What you need to do: What are the lines below, starting at the line containing "New drainage channels on a tarmac path" and ending at the line containing "Two cyclists riding"? Write them out exactly, ends included, without pictures.

[Material provided — start]

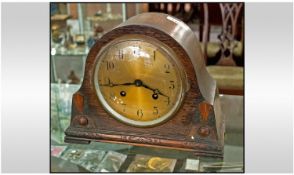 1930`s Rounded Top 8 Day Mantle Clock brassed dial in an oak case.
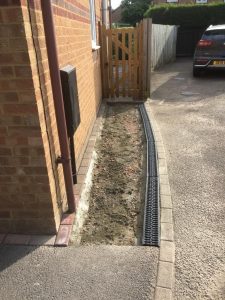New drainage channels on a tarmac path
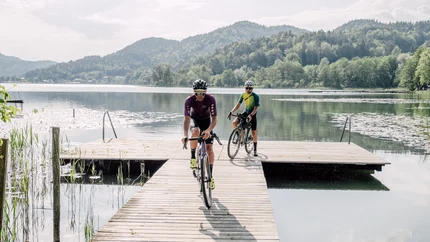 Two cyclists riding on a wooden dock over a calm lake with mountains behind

[Material provided — finish]
[Material provided — start]

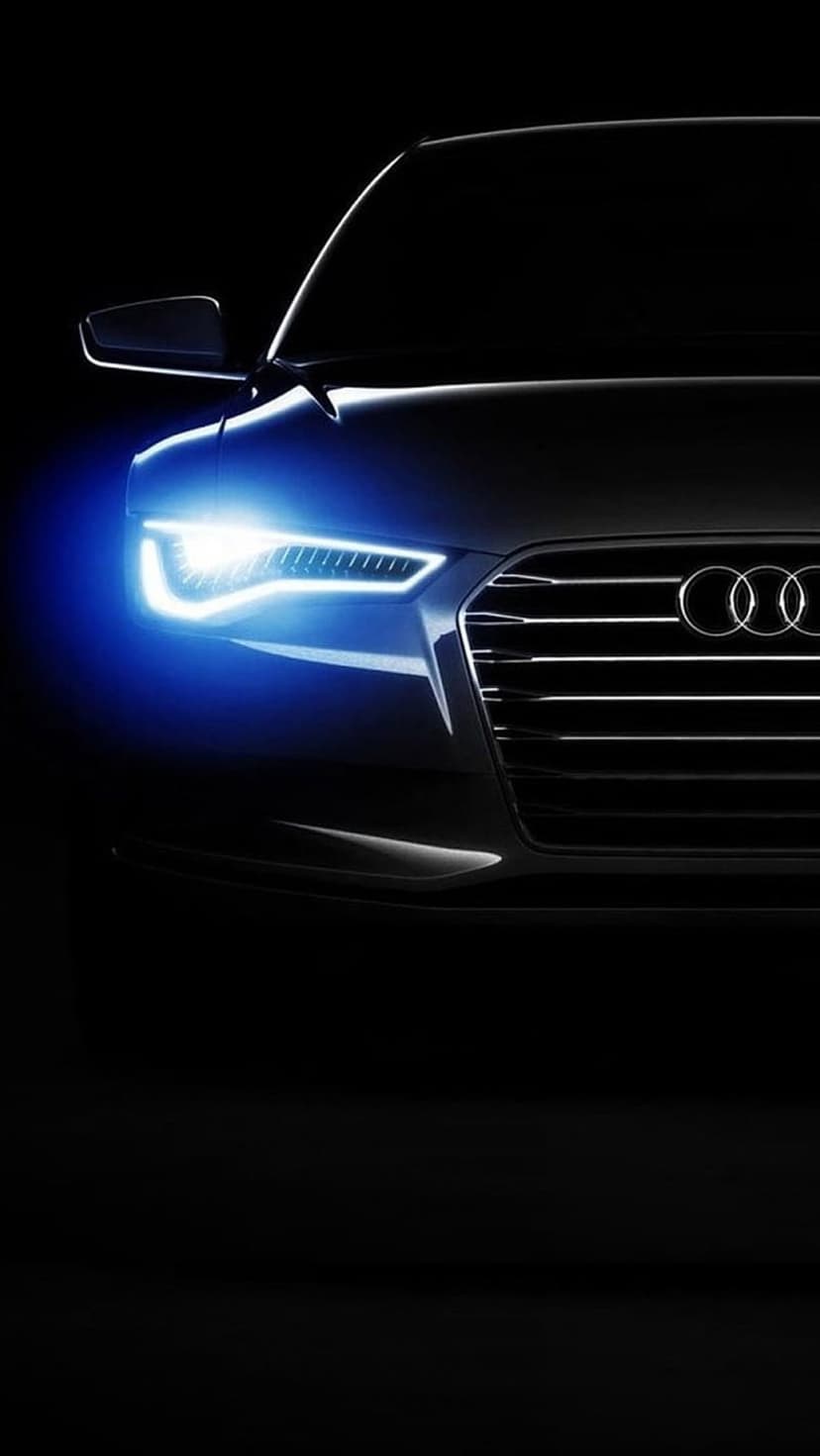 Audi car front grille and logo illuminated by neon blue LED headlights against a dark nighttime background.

[Material provided — finish]

Result:
New drainage channels on a tarmac path
 Two cyclists riding on a wooden dock over a calm lake with mountains behind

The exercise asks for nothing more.